For New York City, the American Community Survey (ACS) stressed estimates for its most vulnerable segments of the population located in all five boroughs. According to the Comptroller’s Office’ analysis of ACS results, 20% of the city’s youth and 45% of its senior population lacked broadband at home. The deficient access was concentrated in the Bronx and Brooklyn with 34% and 30% of residents lacking internet access, respectively. Aiming to address this increasing divide, Mayor Bill de Blasio announced LinkNYC program, a municipal Wi-Fi network that will eventually replace more than 7,000 phone booths with as many as 10,000 interactive kiosks with the capacity to provide New Yorkers with free high-speed internet within a 150-foot radius from each device.

This project evaluates the spatial relationship between the current disposition of the self-funded LinkNYC kiosks (Links) and the areas of New York City hosting population living below poverty. Specifically, this study was designed to examine whether or not, low-income members of the community were more likely to be located in long-proximity to Links, compared to high-income segments of the population. The study was done by utilizing American Community Survey population and internet use estimates for 2015 and 2014, respectively and the LinkNYC locator provided by New York City’s open data portal.

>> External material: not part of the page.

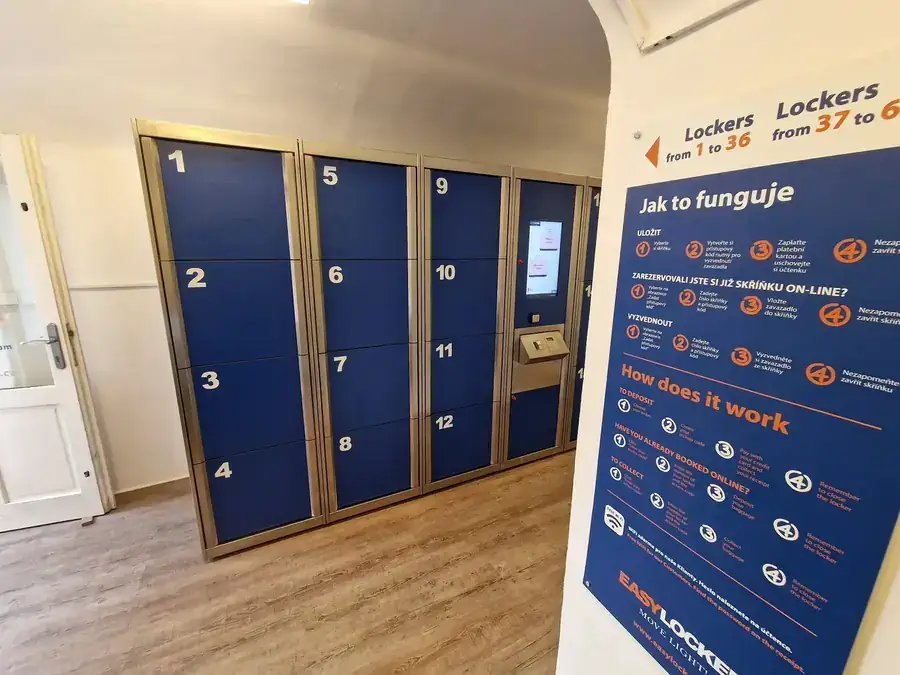 EasyLocker how-to instructions signage for luggage storage Prague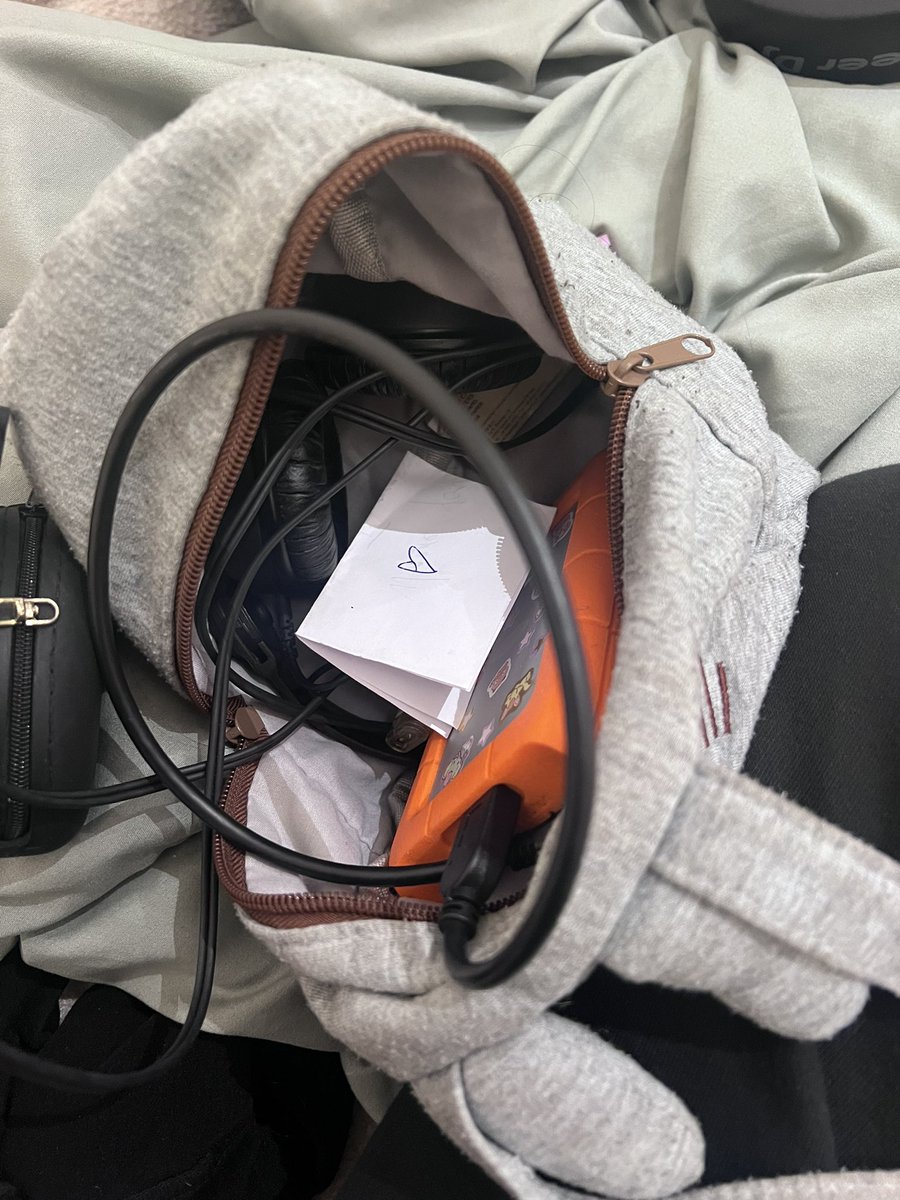 Bitter Babe tweet media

Among the findings of this project, a strong presence of Links was identified in the borough of Manhattan, with 90% of total free Wi-Fi devices installed within community districts of higher median household income and the greatest number internet subscriptions. Conversely, Brooklyn was the borough with lower median income households, the least number of internet subscriptions and had, at the time of the analysis, only two installed LinkNYC kiosks (representing less than 1% of the total installed Links). Findings indicated that population below poverty was more likely to be located at longer-distance from their nearest LinkNYC kios than their higher-income neighbors. The limitations of the linear nature measurements and results’ implications within New York City’s digital divide, however, will be explored in depth throughout the sections below.

Data

In order to design a coherent spatial analysis experiment, it was necessary to identify the following data as suitable for establishing a statistically significant relationship between the existence of socioeconomic variables (poverty and income) and the subjects’ location throughout the city’s political and administrative districts. In addition to both tabular and spatial data, provided by the American Community Survey, the Department of City Planning and the Census Bureau’s cartographic catalogue, the study selected spatial data available at New Yok City’s Open Data portal. Below, the detailed location of selected data is displayed:

• Total Population by census tract (Tabular data-ACS 2009-2012 American Community Survey).

• Census tract Shapefile for New York City (Spatial data -Census Bureau Cartographic boundaries and products)

• LinkNYC locations (Tabular data-NYC open data)

• MapPLUTO Shapefile (Spatial data -Bytes of the Big Apple)

• Internet Use (Tabular data-ACS 2014 estimates).

• Poverty (Tabular data-ACS 2009-2012 estimates)

• Mean income in the past 12 months (in 2014 inflation-adjusted dollars) Tabular data-ACS 2009-2012 five year estimates.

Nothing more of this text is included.